[PATCH 05/14] pidfs: adapt to rhashtable-based simple_xattrs

Christian Brauner posted 14 patches 1 month ago
[PATCH 05/14] pidfs: adapt to rhashtable-based simple_xattrs
Posted by Christian Brauner 1 month ago
Adapt pidfs to use the rhashtable-based xattr path by switching from a
dedicated slab cache to simple_xattrs_alloc().

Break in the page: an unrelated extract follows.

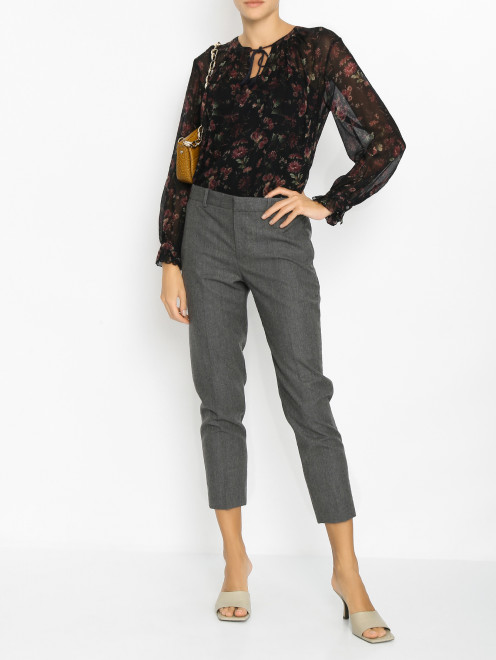 Блуза из шелка с цветочным узором Polo Ralph Lauren - МодельОбщийВид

Previously pidfs used a custom kmem_cache (pidfs_xattr_cachep) that
allocated a struct containing an embedded simple_xattrs plus
simple_xattrs_init(). Replace this with simple_xattrs_alloc() which
combines kzalloc + rhashtable_init, and drop the dedicated slab cache
entirely.

Use simple_xattr_free_rcu() for replaced xattr entries to allow
concurrent RCU readers to finish.

Signed-off-by: Christian Brauner <brauner@kernel.org>
---
 fs/pidfs.c | 65 +++++++++++++++++++++++++++++++++++++++-----------------------
 1 file changed, 41 insertions(+), 24 deletions(-)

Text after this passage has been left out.